Argentine artist Marta Minujin is in the best sense of the word a living legend. The artist is considered a pioneer of happenings, performance, and pop art. Marta Minujin is one of the most recognized post war artists in Latin America and is often referred to as the ‘Argentine Andy Warhol.’ The conceptual artist, sculptor, and painter, always at the pulse of the time, seems to be at the right place at the right time. In Paris in the early 60’s, where she met Nikki de St Phalle and Christo, she staged her first happening, created her now signature soft sculptures, and burned all her artwork to announce a new beginning. In New York in the mid 80’s she invited Andy Warhol to her performance with the concept of paying off Argentina’s external debt with maize, the traditional Latin American food staple and most widely grown crop in the Americas. Warhol, impressed by the young artist – already by then a household name in Europe and Latin America – asked her if she was rich. Marta replied famously: “I’m not, because I live in Argentina.”

From wherever she resided, Marta Minujin returned to Argentina, where she started to show as an artist with her first solo exhibition at Teatro Agon in Buenos Aires in 1959. From the mid 60’s on, she became one of the most energetic proponents of pop art and public art scenes in Buenos Aires.

All of the above and more was presented in a recent survey and solo show at the New York gallery Kurimanzutto, Marta Minujin: Making a Presence (April 27 to June 8, 2024), and Marta Minujin’s first major retrospective in the US at the Jewish Museum in New York (Nov. 17, 2023 – March 31, 2024). Curators Rebecca Shaykin and Darcie Alexander presented a stand-alone show at the Jewish Museum with ‘Marta Minujin: Arte! Arte!Arte!’ The exhibition showcased nearly 100 works from the artist’s archives along with private and institutional collections, including her mattress-based soft sculptures, fluorescent large-scale paintings, psychedelic drawings of performances, as well as rarely seen photographs and film footage. Marta Minujin is known for her large-scale politically playful art. A large ‘Tower of Babylon’ made of forbidden books was built in the middle of Avenida 9 de Julio in Buenos Aires by the artist at the very end of seven years of a horrendous military regime and dictatorship in Argentina. It was a monumental gesture by the artist to symbolize freedom of expression! The sculpture was burnt down in the end and the books given to the cheering crowd. A more recent version ‘The Parthenon of Banned Books’ could be seen at Dokumenta, Kassel in 2017.

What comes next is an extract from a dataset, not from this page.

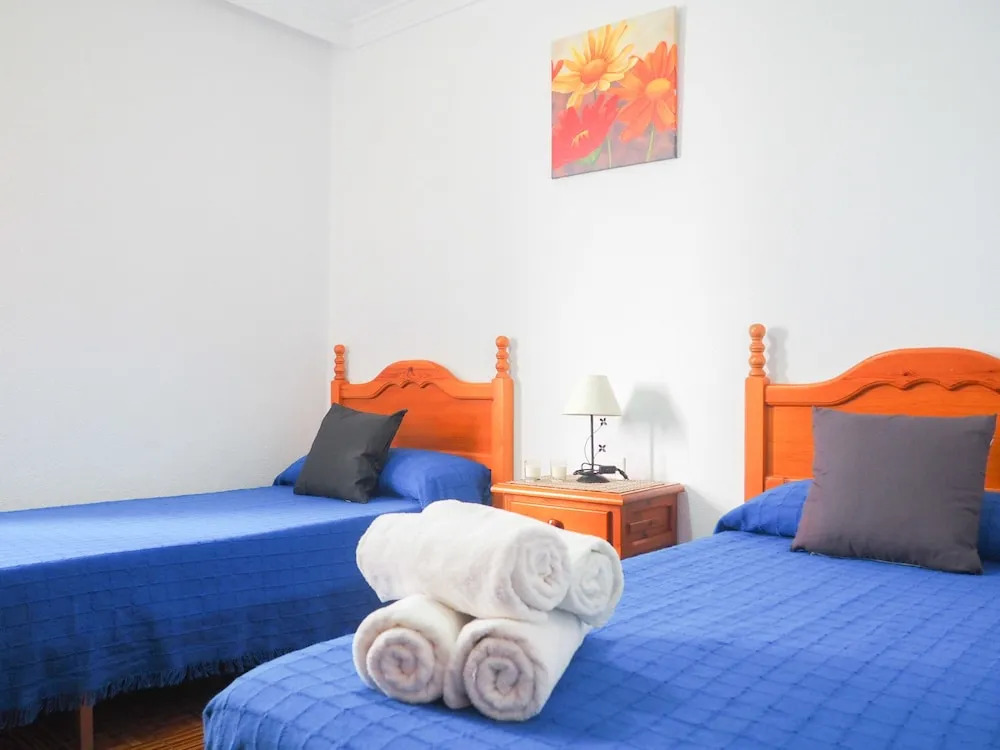 ConilPlus Apartment-Familiares I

The 100 000 books assembled symbolized the ones censored and subsequently burned by the Nazi Regime. Similarly to the 1983 Parthenon, the books were distributed to people around the world when the work was dismantled.

Marta Minujin: installation view Image credit Jewish Museum New York

Monumental sculptural works of art are usually associated with male artists’ works. In that sense Marta Minujin emerges as a female pioneer in public art. Daring in political references as opposing the military dictatorship in Argentina, Minujin never neglects the poetic and human in her work. While being a serious artist and an inexhaustible creative force, Marta Minujin – both as a person and an artist – is playful, humorous, engaging, eccentric, and always thought provoking. We look forward to Marta Minujin’s next ventures.